Exercise brief: Omitting all images, set down every line below exactly as it appears.

Provided material:
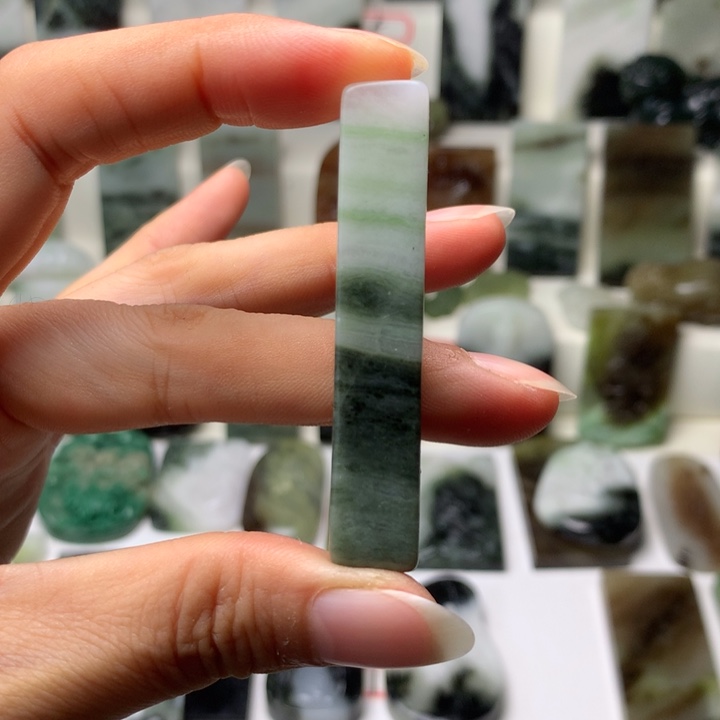 独山玉未镶嵌颈饰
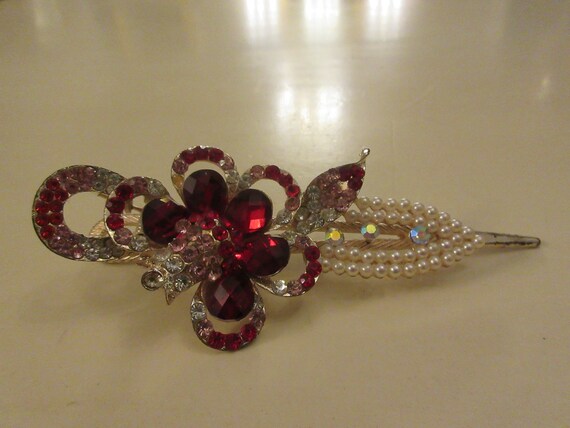 RHINESTONE HAIR CLIP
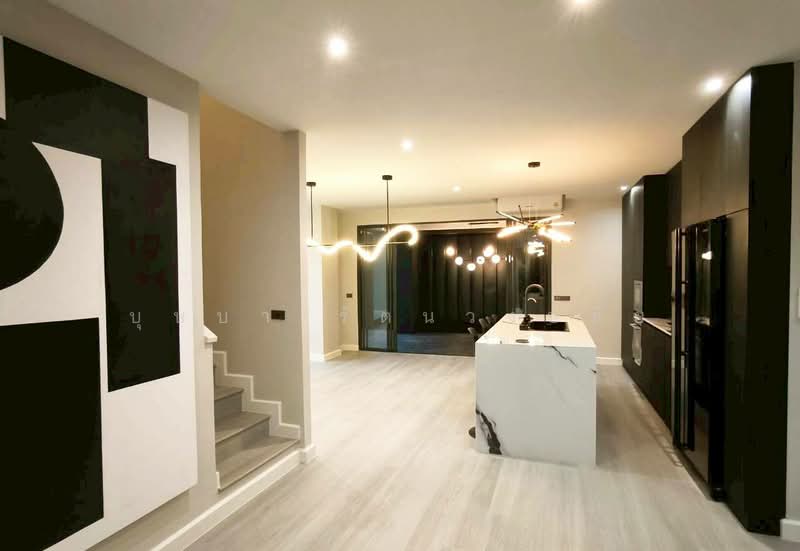 Areeya Busaba Ladprao, Bangkok, Phlapphla, Wang Thonglang, Bangkok, 5 Bedrooms, 300 sqm, Single Detached House For Sale, by บุษบา รัตนวงษ์ชัย, 500249101 - DDproperty.com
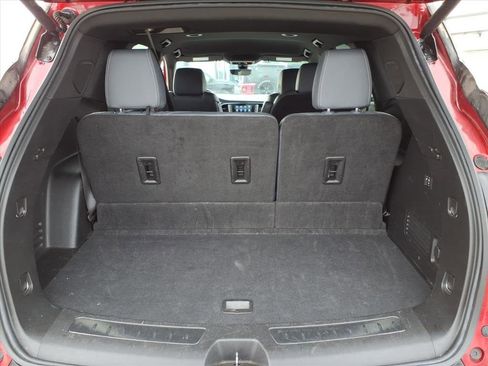 Used 2024 Buick Enclave Premium image 15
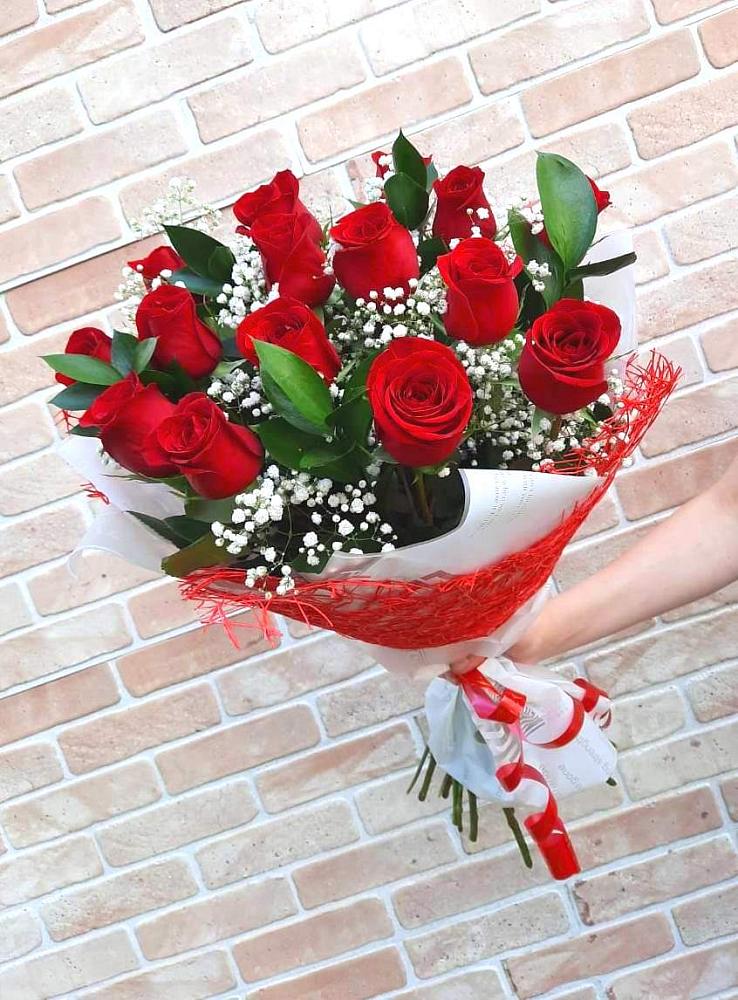 Букет Снежные хлопья в Северск Букет цветов из: Розы в Северск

The completed task:
 独山玉未镶嵌颈饰
 RHINESTONE HAIR CLIP
 Areeya Busaba Ladprao, Bangkok, Phlapphla, Wang Thonglang, Bangkok, 5 Bedrooms, 300 sqm, Single Detached House For Sale, by บุษบา รัตนวงษ์ชัย, 500249101 - DDproperty.com
 Used 2024 Buick Enclave Premium image 15
 Букет Снежные хлопья в Северск Букет цветов из: Розы в Северск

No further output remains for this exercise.